Ainda na questão do "risco Trump", a professora destaca que outras áreas que têm relações com a economia devem sofrer reveses, como a agenda de desenvolvimento sustentável, além de direitos humanos e migração.
Brasil vive momento de expansão no número de empresas exportadoras; EUA é uma das principais opções
O tamanho do mercado americano atrai empreendedores brasileiros quando buscam internacionalizar marcas. Em 2023, 9.553 empresas brasileiras enviaram produtos para o mercado dos Estados Unidos.
Esse foi o maior quantitativo registrado em 200 anos de relações comerciais entre os dois países. O volume total de exportações do Brasil em manufaturas para aquele mercado atingiu US$ 29,9 bilhões, conforme dados da Secretaria de Comércio Exterior do Ministério do Desenvolvimento da Indústria e Comércio (MDIC) em parceria com a Amcham Brasil.
Sandro Marin, diretor da Tek Trade, empresa especializada em comércio exterior, esse cenário positivo demonstra a capacidade competitiva do Brasil no mercado global.
Segundo ele, muitas empresas nacionais enxergam no comércio internacional uma estratégia para se manterem fortes diante da oportunidade de atingir um mercado maior e com moeda mais forte.
"Buscando a competitividade externa normalmente melhora a qualidade de seus produtos, o que vai refletir para o mercado interno. A diversificação dos mercados é um fator crucial para garantir o crescimento contínuo das indústrias brasileiras", analisa.
A tendência positiva de reforço de laços comerciais entre o Brasil e os Estados Unidos se estende para outros mercados. Isso se revela em dados divulgados pelo Banco Nacional de Desenvolvimento Econômico e Social (BNDES).
Nos últimos 21 meses, a entidade aprovou R$ 26,9 bilhões em operações de apoio às exportações de bens. O valor supera a soma dos seis anos anteriores, período em que o total chega a R$ 21,5 bilhões.

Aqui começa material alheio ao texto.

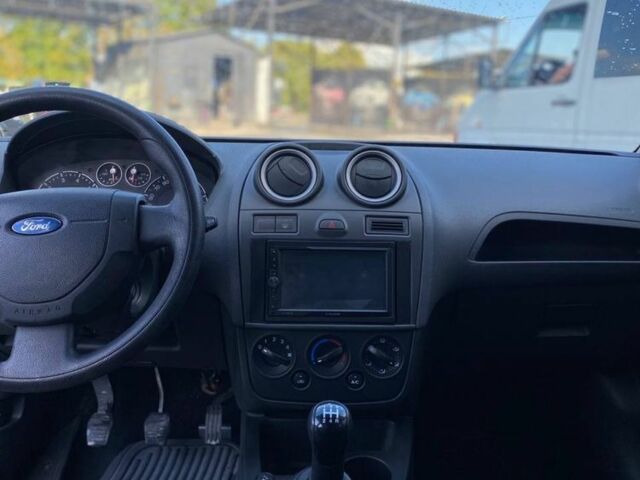 Синій Форд Фієста, об'ємом двигуна 1.2 л та пробігом 153 тис. км за 3500 $, фото 6 на Automoto.ua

O presidente do BNDES, Aloízio Mercadante, afirma que a pauta de apoio às exportações industriais é considerada uma prioridade, especialmente aquelas com alto valor agregado.
De janeiro a setembro deste ano, as aprovações para o setor atingiram R$ 13,4 bilhões, valor quase igual ao realizado em todo ano de 2023 (R$ 13,5 bilhões).
"Apoiar a exportação industrial, especialmente aquelas com alto valor agregado, é fundamental, uma vez que outros países também estão adotando políticas semelhantes. Cerca de 98% do mercado mundial está fora do Brasil e nossas empresas precisam disputar esse espaço, gerando emprego de qualidade no Brasil e aumentando a escala e a competitividade da nossa indústria", afirma Mercadante.
A eleição nos Estados Unidos
O modelo americano é de voto indireto, portanto o vencedor não é definido por voto popular, mas por meio de delegados eleitorais. O candidato que obtiver o apoio de 270 delegados mais um é eleito.
Diferente do Brasil, nas eleições dos Estados Unidos o candidato mais votado pelos eleitores não necessariamente vencerá o pleito. Em 2016, por exemplo, Trump foi eleito pelos delegados, mas perdeu na quantidade total de votos populares para a democrata Hillary Clinton.
Em caso de empate, cabe à Câmara dos Deputados escolher o presidente por meio de voto direto dos deputados recém-eleitos, em que cada estado tem direito a um voto. Esse desempate já ocorreu duas vezes na história, em 1800 e 1824.